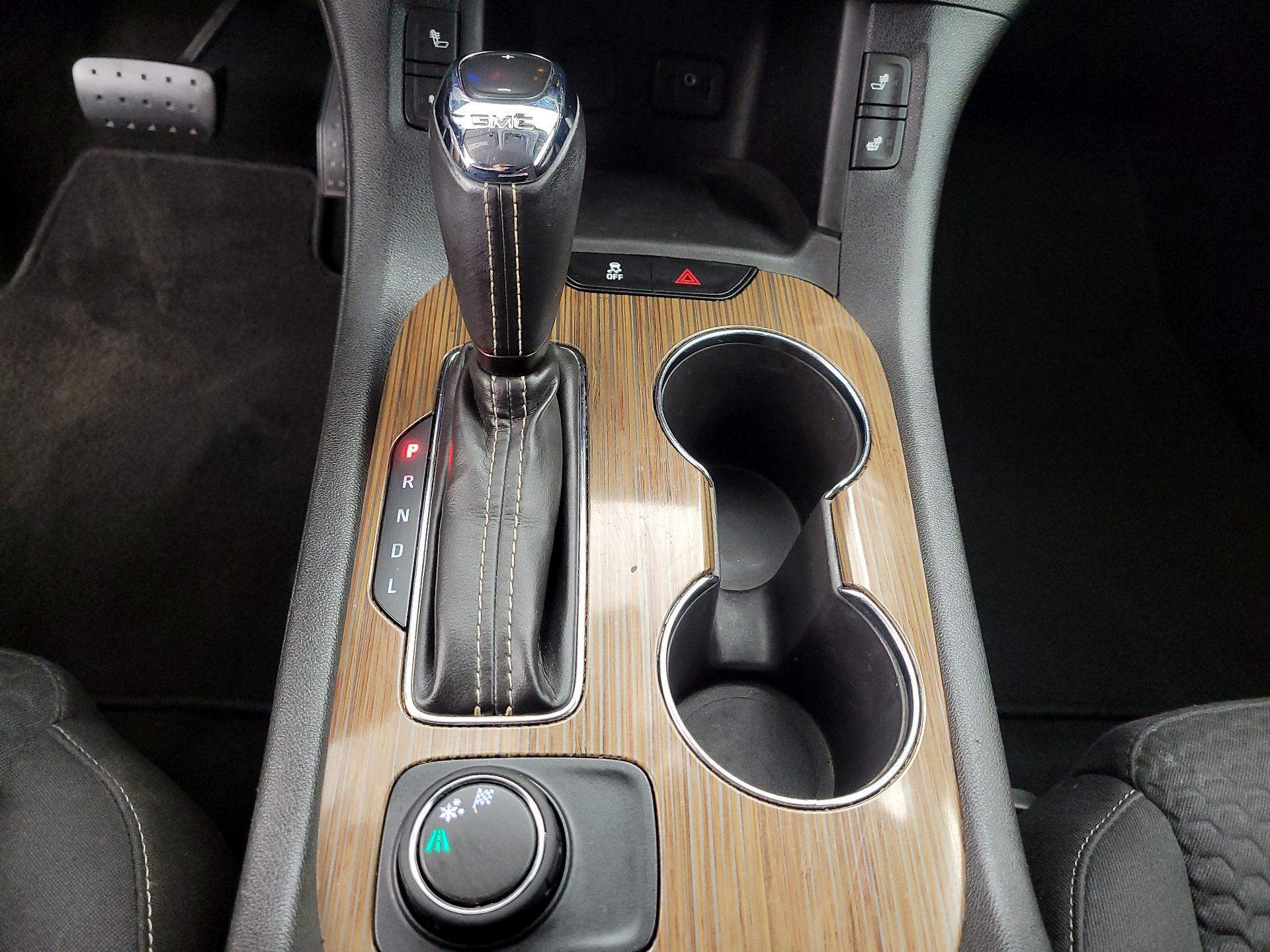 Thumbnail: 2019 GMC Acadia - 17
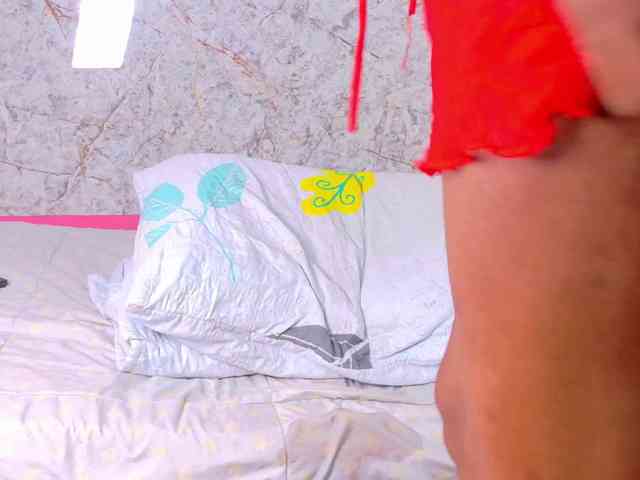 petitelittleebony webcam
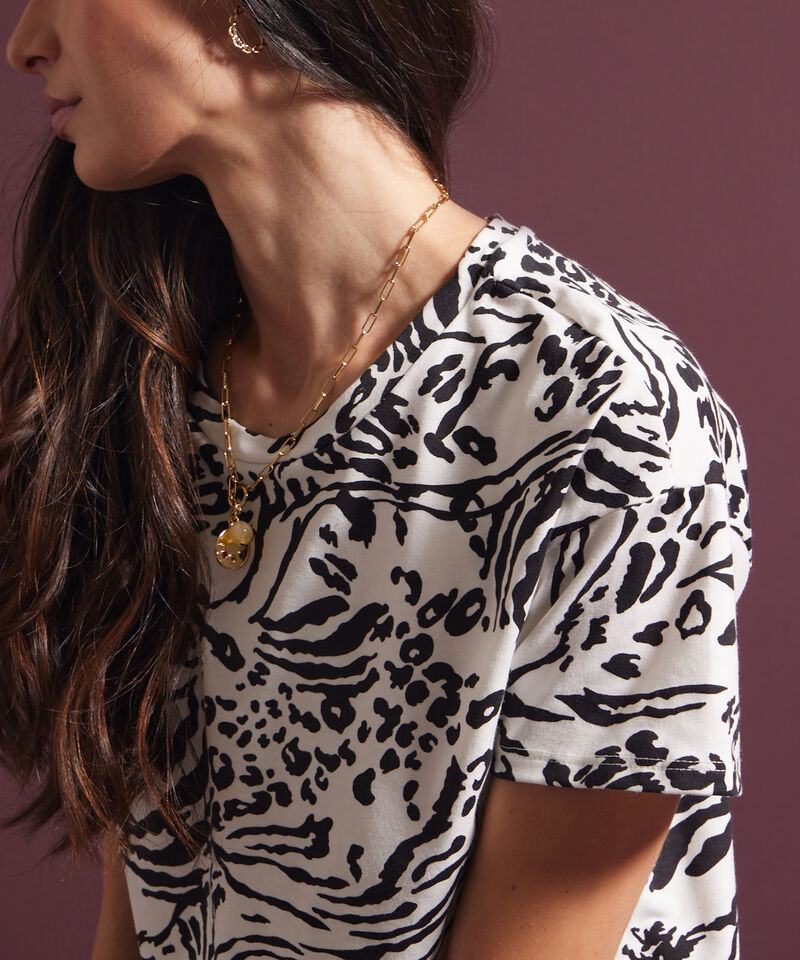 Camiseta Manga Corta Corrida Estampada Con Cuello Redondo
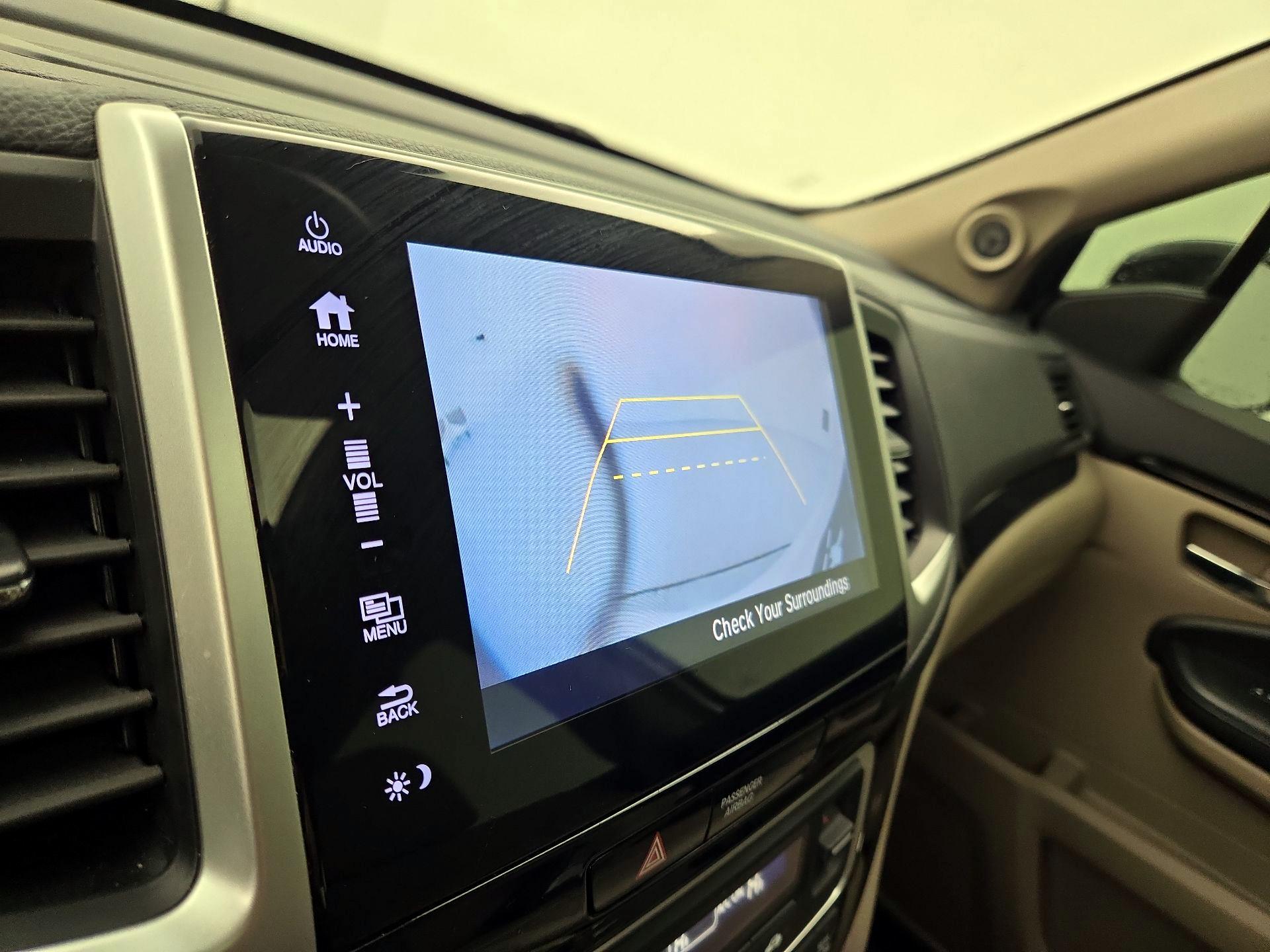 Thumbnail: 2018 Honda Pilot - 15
--
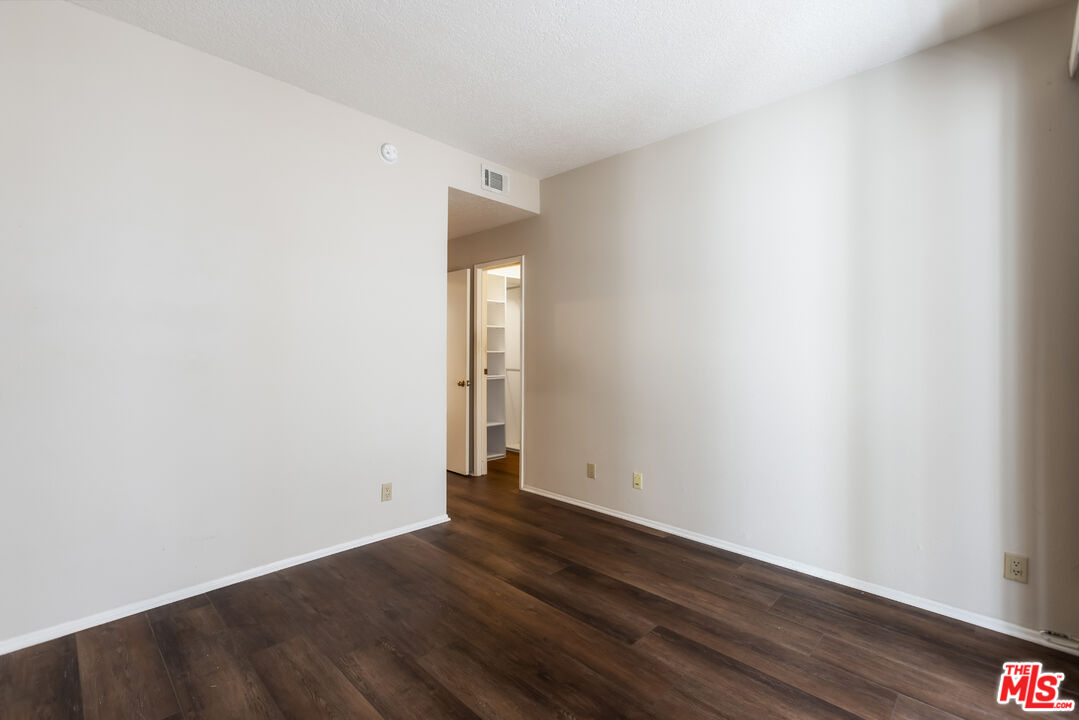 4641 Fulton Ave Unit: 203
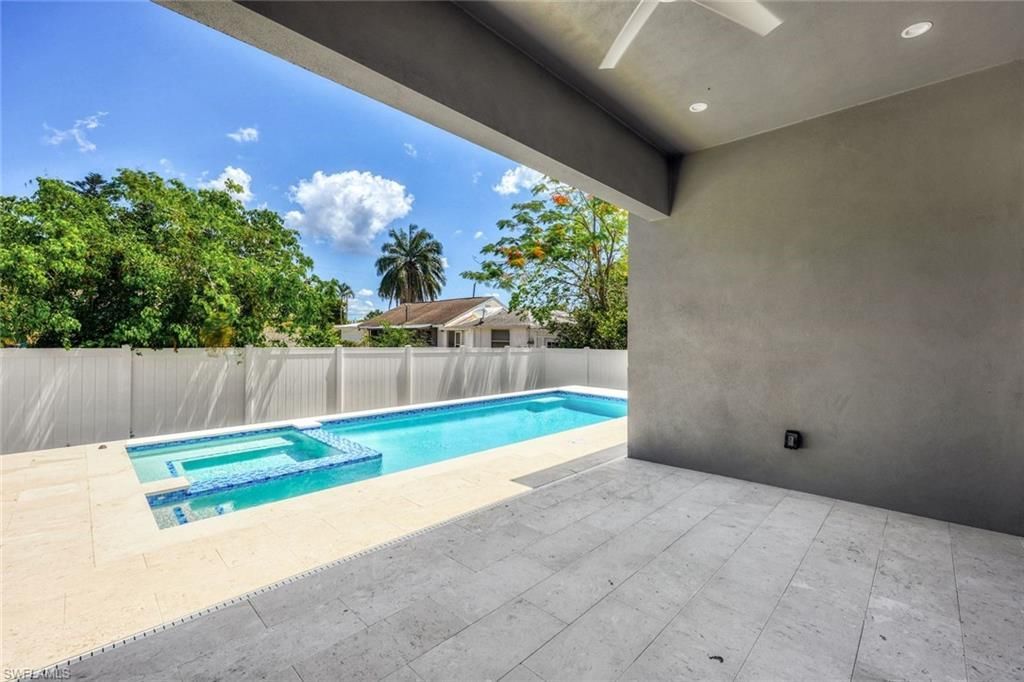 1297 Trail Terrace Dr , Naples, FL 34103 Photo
...
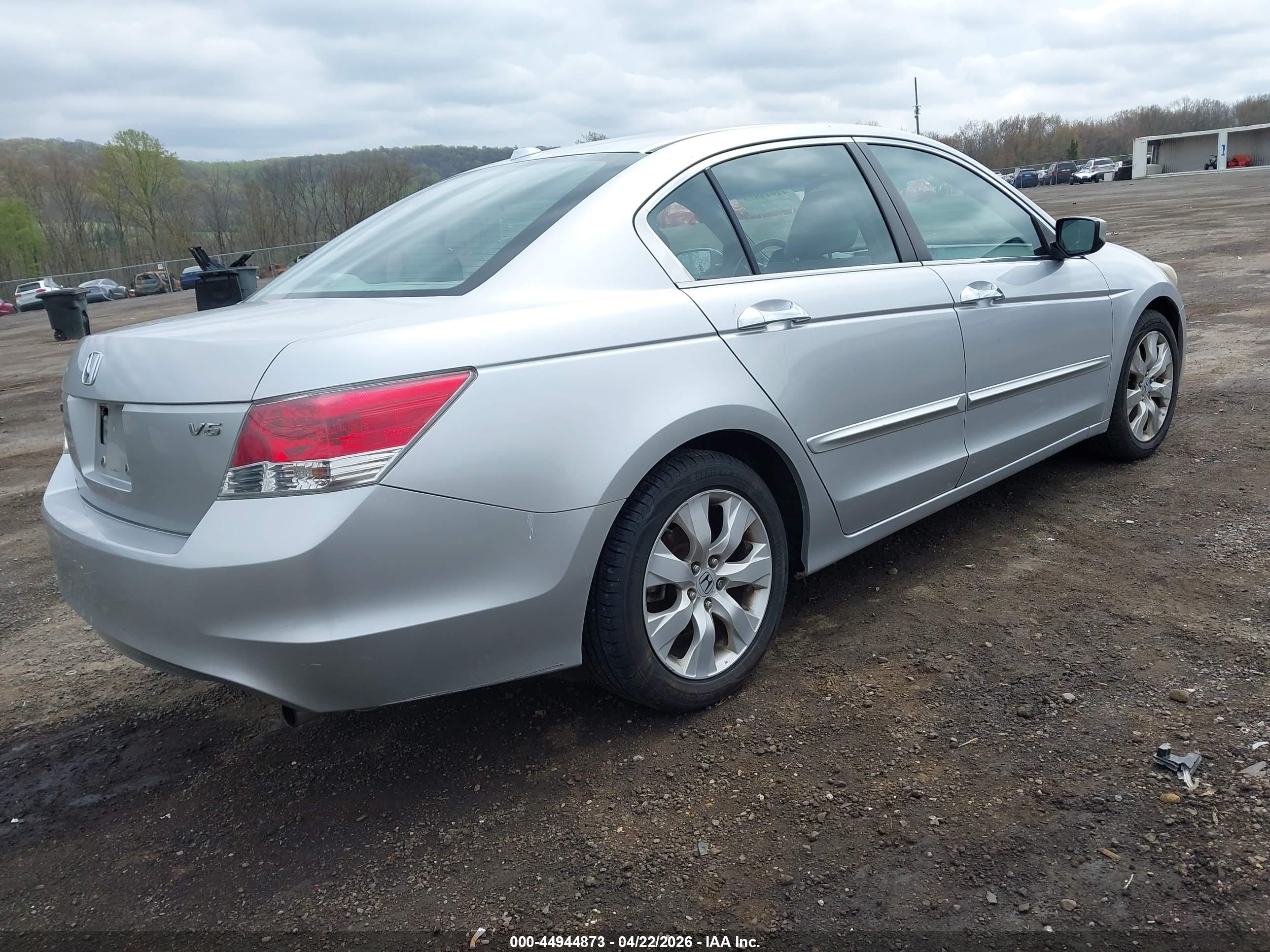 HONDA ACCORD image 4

#### What you should do:
Only one stretch of the entries above is needed: the lines from the one containing "Camiseta Manga Corta" through the one containing "Thumbnail: 2018 Honda Pilot - 15". Copy it exactly, without the pictures.

#### Solution:
 Camiseta Manga Corta Corrida Estampada Con Cuello Redondo
 Thumbnail: 2018 Honda Pilot - 15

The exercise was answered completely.